**What is being asked**
Search the listing below for lines containing the string "Machine". Reply with their count only.

**Data shown**
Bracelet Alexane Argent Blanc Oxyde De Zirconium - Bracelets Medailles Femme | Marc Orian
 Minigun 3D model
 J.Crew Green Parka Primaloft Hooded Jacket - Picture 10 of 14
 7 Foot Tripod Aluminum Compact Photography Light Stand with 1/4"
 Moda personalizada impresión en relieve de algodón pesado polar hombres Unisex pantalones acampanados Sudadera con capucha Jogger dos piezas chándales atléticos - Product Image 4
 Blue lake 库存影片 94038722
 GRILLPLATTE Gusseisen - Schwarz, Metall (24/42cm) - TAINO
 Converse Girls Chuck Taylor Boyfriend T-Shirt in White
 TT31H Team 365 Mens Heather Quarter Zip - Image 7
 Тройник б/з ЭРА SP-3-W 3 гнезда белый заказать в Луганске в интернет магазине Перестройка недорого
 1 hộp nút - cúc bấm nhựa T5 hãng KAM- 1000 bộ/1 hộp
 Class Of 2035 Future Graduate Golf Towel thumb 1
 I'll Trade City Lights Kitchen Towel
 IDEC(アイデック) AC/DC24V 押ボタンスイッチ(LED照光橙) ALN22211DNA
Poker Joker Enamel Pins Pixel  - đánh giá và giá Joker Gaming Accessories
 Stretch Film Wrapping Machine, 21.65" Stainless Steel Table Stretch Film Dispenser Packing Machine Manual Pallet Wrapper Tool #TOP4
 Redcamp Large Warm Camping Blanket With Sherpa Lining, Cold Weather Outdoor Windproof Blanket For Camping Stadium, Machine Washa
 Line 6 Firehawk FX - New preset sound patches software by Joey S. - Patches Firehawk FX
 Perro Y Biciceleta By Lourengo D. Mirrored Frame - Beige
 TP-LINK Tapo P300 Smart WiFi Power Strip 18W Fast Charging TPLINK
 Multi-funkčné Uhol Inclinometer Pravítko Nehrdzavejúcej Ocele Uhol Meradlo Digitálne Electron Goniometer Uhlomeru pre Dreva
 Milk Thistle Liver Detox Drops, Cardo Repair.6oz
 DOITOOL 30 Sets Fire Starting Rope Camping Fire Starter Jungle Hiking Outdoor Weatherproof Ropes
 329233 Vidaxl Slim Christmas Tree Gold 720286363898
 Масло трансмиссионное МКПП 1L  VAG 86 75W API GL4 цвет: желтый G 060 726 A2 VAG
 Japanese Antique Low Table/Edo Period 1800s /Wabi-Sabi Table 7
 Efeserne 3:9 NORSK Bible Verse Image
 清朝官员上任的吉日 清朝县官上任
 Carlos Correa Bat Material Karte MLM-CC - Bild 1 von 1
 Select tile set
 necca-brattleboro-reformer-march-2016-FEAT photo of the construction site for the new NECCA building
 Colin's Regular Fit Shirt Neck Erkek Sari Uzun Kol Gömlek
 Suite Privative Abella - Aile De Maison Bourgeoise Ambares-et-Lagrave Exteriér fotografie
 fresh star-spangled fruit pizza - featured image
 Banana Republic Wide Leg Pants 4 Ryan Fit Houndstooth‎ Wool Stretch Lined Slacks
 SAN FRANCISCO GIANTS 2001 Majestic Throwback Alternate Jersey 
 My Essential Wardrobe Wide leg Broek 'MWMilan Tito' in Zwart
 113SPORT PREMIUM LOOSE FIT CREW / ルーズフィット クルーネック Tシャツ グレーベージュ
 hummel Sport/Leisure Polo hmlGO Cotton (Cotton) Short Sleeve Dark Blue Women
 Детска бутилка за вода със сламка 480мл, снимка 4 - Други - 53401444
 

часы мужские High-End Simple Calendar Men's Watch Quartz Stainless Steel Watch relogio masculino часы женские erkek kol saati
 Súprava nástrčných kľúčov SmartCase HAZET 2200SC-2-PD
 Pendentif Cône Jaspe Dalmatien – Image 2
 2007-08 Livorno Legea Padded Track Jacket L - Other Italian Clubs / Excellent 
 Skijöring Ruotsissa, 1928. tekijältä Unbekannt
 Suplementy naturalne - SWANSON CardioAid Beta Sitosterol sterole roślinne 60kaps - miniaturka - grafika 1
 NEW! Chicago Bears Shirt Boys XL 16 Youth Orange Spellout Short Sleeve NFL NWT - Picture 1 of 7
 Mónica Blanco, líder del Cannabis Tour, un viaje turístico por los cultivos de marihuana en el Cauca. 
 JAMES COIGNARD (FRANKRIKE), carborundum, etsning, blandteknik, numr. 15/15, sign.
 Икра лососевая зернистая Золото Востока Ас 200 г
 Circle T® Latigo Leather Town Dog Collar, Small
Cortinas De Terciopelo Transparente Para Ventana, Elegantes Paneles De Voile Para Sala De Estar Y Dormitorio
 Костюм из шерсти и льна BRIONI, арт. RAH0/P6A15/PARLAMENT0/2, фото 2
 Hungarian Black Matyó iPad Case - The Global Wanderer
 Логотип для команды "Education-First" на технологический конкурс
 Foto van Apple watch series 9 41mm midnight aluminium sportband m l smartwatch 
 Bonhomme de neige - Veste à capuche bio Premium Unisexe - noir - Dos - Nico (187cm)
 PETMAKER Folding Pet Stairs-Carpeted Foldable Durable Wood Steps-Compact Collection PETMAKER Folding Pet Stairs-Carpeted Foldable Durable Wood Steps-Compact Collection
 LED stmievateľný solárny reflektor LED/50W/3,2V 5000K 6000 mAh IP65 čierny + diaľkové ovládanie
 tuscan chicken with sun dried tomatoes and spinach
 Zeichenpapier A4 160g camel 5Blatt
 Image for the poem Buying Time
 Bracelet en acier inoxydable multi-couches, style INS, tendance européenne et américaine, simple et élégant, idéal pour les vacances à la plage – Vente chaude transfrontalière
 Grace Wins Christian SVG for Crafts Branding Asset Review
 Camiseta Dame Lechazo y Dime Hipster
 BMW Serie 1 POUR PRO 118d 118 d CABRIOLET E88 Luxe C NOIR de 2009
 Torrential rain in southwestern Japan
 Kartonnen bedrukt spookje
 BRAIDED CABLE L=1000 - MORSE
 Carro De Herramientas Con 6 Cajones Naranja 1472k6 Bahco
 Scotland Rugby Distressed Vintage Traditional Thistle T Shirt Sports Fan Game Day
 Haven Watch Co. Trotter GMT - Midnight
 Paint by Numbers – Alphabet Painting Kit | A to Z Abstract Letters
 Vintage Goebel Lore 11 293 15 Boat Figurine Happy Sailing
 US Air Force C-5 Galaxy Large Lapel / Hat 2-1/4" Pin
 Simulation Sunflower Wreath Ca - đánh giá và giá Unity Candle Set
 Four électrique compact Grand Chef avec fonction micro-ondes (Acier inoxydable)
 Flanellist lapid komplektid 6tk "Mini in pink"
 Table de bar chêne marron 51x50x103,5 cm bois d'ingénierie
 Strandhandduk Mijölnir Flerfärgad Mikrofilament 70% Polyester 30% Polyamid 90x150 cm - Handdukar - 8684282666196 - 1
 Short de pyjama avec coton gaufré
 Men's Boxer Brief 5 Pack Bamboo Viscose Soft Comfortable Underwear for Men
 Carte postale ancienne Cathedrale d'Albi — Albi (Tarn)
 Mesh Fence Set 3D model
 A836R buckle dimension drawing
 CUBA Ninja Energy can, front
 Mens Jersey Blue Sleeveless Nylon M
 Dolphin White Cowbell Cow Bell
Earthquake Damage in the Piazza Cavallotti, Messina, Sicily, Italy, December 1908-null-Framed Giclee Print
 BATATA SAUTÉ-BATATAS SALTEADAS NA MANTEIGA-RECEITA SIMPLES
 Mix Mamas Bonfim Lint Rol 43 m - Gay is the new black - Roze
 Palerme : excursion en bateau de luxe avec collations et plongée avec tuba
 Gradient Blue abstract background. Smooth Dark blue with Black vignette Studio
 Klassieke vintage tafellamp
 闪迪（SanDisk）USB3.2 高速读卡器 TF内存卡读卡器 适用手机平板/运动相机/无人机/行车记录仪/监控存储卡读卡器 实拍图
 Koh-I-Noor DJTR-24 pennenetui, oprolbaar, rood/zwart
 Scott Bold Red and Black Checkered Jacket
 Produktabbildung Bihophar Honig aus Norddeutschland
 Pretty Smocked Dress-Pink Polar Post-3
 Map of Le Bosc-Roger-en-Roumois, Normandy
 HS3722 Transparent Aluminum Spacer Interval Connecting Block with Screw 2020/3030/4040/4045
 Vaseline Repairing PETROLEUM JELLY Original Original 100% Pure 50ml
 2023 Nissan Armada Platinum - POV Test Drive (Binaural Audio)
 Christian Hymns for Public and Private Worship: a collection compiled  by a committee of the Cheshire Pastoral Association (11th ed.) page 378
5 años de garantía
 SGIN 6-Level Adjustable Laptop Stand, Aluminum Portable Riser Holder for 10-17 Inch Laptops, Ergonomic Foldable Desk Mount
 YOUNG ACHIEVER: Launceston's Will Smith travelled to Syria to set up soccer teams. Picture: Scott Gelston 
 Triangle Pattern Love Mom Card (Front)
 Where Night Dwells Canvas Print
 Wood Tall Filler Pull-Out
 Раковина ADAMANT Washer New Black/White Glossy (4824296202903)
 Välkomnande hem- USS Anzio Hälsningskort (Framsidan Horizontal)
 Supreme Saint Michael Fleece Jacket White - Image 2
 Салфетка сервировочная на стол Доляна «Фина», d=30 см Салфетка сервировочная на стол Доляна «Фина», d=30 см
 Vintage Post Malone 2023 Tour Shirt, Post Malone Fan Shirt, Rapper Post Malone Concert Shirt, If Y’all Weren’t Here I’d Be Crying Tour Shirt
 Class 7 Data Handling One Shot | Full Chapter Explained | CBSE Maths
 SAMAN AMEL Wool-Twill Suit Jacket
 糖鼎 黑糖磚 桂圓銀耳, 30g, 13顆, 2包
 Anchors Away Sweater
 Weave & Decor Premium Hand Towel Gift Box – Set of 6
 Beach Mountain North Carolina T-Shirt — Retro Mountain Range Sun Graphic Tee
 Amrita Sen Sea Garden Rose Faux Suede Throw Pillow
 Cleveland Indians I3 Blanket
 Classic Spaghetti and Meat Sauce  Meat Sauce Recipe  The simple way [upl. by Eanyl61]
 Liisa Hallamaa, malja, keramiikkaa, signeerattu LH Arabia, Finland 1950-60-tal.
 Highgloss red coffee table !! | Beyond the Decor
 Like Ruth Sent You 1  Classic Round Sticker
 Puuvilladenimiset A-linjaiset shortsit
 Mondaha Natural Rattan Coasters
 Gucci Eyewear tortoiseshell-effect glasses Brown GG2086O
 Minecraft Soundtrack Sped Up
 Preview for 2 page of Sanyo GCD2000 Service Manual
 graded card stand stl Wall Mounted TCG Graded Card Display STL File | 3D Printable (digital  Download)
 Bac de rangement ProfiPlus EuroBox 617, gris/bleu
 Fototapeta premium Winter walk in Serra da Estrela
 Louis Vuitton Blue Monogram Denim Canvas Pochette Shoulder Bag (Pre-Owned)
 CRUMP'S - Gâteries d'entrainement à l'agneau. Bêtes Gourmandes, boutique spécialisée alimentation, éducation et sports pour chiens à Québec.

**Task result**
2